[PROBLEM DESCRIPTION]: Only the lines from the one with "Portable Mesh Popup" to the end of the data below should be given again, exactly, with both ends included and pictures omitted.

[Stored items from a collection]:
□ □ □ □
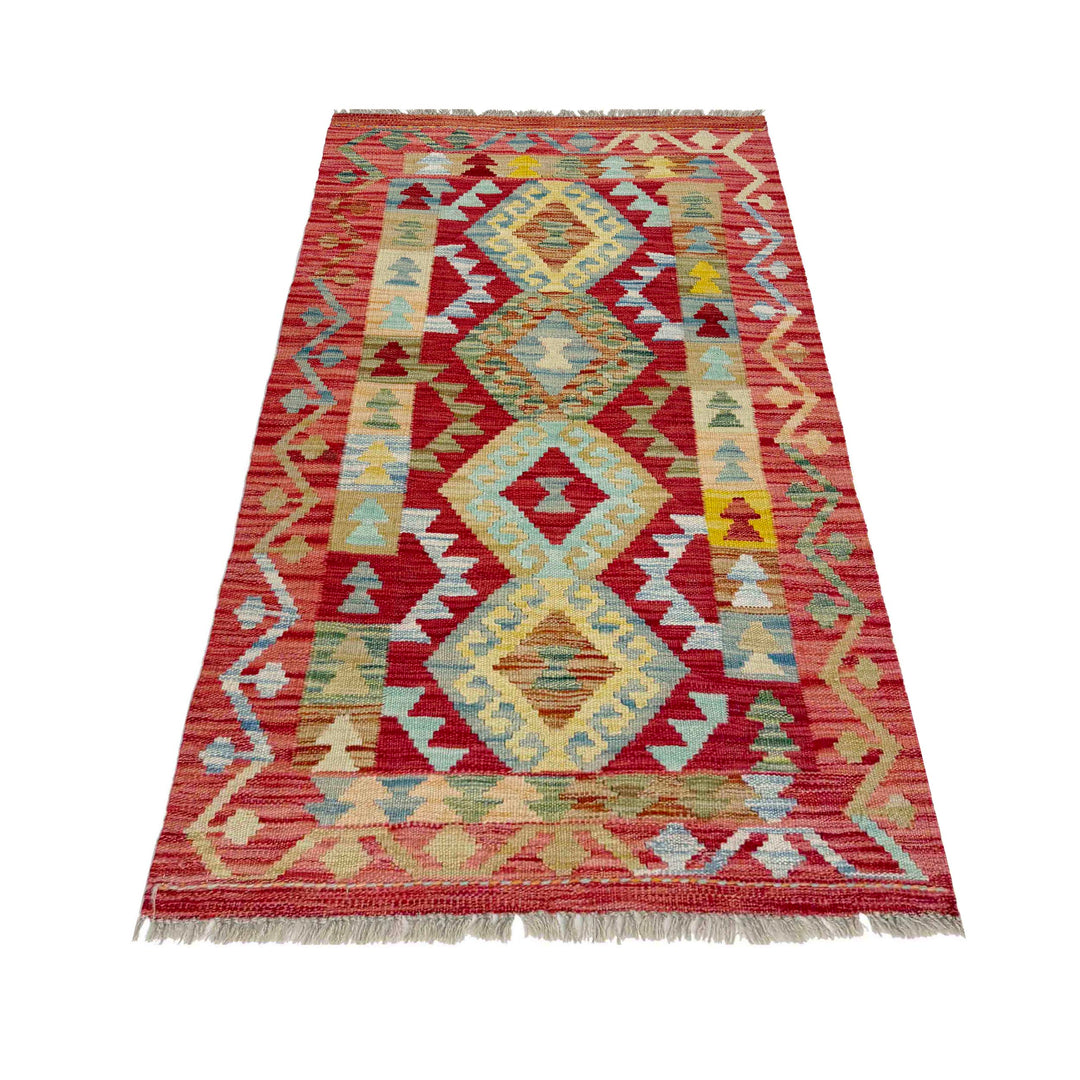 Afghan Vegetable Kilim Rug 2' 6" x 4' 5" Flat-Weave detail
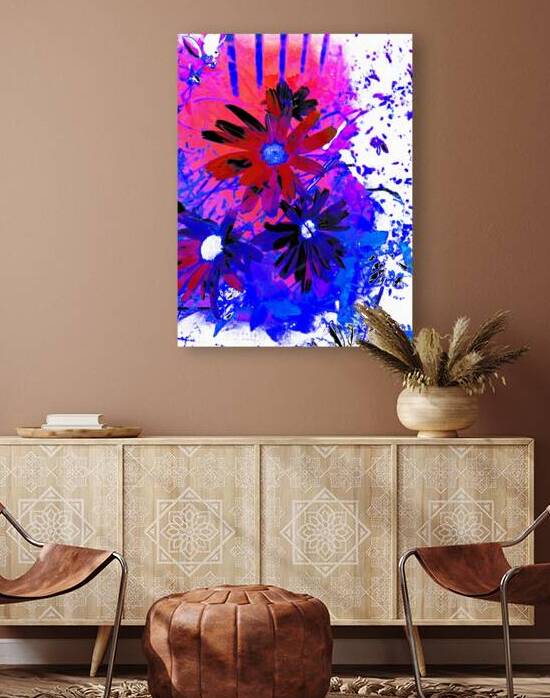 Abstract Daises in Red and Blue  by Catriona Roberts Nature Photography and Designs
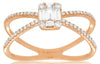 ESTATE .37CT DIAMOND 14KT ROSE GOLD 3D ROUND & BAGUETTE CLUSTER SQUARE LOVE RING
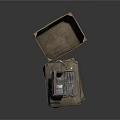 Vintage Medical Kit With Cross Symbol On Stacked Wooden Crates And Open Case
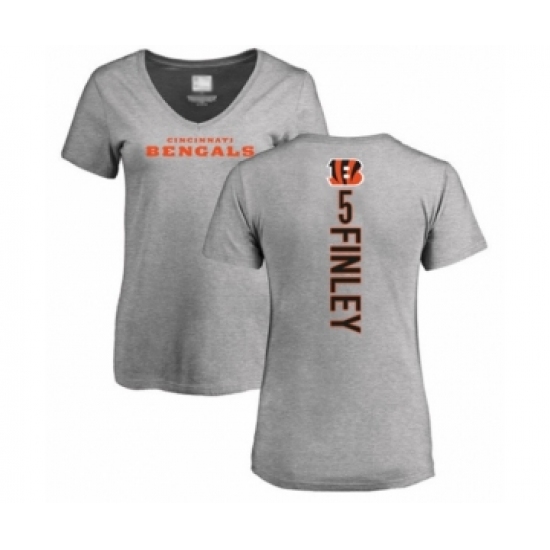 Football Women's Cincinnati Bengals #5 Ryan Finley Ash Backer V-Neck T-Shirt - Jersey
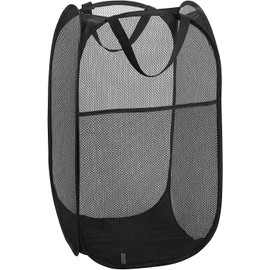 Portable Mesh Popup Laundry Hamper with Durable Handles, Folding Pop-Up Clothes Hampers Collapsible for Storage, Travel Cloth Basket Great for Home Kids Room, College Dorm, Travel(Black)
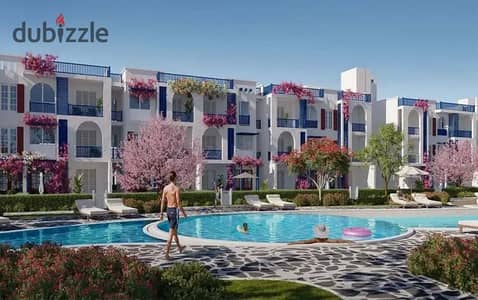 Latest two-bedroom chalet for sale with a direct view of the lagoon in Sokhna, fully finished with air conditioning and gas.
□ □ □ □
[EXPECTED OUTPUT]:
 Portable Mesh Popup Laundry Hamper with Durable Handles, Folding Pop-Up Clothes Hampers Collapsible for Storage, Travel Cloth Basket Great for Home Kids Room, College Dorm, Travel(Black)
 Latest two-bedroom chalet for sale with a direct view of the lagoon in Sokhna, fully finished with air conditioning and gas.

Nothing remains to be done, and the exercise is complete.